Range to reproduce from the entries below: the line with "Medpride Medical Vinyl", the line with "100 Pieces Disposable", and every line in between. Give them exactly and give nothing else.

### Information shown ###

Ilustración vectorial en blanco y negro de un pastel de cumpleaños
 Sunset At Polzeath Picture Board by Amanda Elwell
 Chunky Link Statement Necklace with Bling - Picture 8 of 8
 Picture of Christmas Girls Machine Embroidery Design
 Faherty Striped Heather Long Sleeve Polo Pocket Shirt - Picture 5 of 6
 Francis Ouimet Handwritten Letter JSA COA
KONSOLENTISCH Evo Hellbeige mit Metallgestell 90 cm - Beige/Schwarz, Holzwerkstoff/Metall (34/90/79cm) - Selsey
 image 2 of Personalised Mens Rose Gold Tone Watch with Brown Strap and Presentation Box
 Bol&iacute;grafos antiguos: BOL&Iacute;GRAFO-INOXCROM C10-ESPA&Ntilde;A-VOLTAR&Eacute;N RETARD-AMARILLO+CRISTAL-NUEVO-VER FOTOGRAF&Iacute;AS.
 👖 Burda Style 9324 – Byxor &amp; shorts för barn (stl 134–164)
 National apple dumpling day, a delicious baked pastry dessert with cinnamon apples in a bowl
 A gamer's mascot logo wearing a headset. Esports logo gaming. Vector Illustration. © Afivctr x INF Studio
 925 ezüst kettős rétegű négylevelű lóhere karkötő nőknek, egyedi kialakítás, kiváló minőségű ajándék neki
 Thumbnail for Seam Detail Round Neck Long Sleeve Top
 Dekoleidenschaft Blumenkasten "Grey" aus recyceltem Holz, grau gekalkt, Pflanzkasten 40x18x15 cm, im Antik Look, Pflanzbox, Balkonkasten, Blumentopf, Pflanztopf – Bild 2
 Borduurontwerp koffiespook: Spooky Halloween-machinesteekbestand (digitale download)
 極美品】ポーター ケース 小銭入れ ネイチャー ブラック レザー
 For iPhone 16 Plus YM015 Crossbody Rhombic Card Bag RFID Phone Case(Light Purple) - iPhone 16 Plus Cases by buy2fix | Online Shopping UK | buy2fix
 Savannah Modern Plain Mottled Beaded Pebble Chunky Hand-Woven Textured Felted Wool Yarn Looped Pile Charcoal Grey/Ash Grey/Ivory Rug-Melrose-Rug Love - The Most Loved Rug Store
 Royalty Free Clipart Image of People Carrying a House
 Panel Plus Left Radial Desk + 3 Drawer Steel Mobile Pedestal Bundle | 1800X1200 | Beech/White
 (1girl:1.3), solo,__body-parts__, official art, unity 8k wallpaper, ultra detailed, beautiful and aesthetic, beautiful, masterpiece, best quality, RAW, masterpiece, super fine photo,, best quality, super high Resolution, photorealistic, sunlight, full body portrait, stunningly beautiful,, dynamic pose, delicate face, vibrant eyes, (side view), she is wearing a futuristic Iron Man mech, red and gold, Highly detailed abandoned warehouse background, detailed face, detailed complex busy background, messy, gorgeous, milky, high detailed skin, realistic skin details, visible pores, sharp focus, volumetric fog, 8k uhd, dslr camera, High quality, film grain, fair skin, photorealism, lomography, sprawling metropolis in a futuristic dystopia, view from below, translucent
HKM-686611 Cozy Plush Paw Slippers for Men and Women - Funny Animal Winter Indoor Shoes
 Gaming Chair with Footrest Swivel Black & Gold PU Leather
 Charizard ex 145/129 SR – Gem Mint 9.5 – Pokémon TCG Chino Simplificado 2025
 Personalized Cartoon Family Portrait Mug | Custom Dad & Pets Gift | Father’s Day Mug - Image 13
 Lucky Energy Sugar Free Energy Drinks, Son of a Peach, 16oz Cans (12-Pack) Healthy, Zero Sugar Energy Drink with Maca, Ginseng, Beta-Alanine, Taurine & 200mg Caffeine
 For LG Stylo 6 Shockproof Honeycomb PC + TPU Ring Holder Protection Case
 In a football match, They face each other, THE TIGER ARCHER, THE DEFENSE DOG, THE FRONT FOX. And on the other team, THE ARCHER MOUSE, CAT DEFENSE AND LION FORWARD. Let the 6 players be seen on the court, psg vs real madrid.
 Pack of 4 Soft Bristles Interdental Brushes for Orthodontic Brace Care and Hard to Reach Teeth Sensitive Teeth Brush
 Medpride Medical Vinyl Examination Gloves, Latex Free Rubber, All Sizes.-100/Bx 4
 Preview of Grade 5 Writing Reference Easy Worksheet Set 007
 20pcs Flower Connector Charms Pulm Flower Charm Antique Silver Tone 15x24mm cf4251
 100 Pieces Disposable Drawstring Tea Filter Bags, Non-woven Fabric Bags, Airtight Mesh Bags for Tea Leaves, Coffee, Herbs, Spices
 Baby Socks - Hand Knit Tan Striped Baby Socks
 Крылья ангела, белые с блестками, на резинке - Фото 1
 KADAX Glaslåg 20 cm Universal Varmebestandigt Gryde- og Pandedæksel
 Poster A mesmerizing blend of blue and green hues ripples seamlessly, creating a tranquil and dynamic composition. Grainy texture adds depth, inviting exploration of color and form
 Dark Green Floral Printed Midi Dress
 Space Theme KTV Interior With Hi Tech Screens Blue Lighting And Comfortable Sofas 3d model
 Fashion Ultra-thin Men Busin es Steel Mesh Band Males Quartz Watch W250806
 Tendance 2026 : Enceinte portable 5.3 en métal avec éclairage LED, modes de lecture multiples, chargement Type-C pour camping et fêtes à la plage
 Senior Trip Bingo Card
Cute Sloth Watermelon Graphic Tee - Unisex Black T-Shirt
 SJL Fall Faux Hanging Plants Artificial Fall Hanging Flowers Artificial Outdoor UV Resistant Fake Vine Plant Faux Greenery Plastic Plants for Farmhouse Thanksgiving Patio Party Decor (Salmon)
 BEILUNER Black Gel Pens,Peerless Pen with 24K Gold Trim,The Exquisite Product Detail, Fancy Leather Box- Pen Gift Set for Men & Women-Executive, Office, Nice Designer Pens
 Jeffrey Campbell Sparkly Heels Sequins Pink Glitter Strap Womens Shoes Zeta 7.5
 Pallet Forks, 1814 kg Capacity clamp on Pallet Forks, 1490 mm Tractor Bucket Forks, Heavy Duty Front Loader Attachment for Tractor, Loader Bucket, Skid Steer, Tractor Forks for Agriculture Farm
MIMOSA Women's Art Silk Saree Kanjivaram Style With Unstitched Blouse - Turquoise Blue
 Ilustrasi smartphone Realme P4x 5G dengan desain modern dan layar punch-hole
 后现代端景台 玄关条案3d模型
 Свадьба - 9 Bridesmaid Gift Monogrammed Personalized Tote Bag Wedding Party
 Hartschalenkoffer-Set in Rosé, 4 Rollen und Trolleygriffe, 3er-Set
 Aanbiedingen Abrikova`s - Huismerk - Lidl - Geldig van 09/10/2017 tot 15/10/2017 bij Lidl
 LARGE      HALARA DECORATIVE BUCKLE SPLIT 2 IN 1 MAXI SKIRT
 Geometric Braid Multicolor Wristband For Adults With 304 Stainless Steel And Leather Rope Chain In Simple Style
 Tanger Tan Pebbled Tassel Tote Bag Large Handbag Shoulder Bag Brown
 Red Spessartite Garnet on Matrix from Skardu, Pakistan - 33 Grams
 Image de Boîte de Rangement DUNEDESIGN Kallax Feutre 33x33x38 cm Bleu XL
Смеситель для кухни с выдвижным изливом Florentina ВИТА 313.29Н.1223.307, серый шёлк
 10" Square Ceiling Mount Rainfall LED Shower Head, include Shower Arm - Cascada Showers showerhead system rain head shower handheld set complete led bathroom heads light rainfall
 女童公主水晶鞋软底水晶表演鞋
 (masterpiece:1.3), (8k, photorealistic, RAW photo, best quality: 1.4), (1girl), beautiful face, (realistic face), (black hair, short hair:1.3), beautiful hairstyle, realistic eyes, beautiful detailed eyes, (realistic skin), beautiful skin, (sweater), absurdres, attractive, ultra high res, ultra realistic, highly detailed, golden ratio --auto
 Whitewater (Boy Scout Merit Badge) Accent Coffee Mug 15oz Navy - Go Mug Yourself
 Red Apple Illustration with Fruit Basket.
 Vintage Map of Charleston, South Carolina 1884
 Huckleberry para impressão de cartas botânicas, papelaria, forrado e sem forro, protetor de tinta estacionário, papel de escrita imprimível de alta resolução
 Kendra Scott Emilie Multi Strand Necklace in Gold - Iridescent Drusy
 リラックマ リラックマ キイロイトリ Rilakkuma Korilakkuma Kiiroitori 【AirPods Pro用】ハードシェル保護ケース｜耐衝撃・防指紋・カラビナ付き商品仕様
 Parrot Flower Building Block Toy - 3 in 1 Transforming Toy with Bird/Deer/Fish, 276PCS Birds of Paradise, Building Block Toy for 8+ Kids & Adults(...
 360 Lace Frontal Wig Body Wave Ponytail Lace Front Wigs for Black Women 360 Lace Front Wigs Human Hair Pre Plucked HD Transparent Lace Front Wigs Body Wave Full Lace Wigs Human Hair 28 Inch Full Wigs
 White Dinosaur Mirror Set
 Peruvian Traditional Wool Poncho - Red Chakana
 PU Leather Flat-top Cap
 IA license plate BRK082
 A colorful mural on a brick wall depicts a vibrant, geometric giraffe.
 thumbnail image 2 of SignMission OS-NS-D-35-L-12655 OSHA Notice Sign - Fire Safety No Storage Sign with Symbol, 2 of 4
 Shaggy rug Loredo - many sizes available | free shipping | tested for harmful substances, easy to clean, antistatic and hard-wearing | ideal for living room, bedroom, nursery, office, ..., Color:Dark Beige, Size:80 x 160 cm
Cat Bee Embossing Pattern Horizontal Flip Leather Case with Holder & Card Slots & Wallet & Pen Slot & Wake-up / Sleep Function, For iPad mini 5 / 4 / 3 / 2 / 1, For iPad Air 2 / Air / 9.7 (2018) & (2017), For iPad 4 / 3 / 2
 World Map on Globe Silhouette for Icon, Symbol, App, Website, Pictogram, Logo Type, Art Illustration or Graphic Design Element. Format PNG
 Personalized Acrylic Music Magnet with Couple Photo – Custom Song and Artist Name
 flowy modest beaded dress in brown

###

Result for this task:
 Medpride Medical Vinyl Examination Gloves, Latex Free Rubber, All Sizes.-100/Bx 4
 Preview of Grade 5 Writing Reference Easy Worksheet Set 007
 20pcs Flower Connector Charms Pulm Flower Charm Antique Silver Tone 15x24mm cf4251
 100 Pieces Disposable Drawstring Tea Filter Bags, Non-woven Fabric Bags, Airtight Mesh Bags for Tea Leaves, Coffee, Herbs, Spices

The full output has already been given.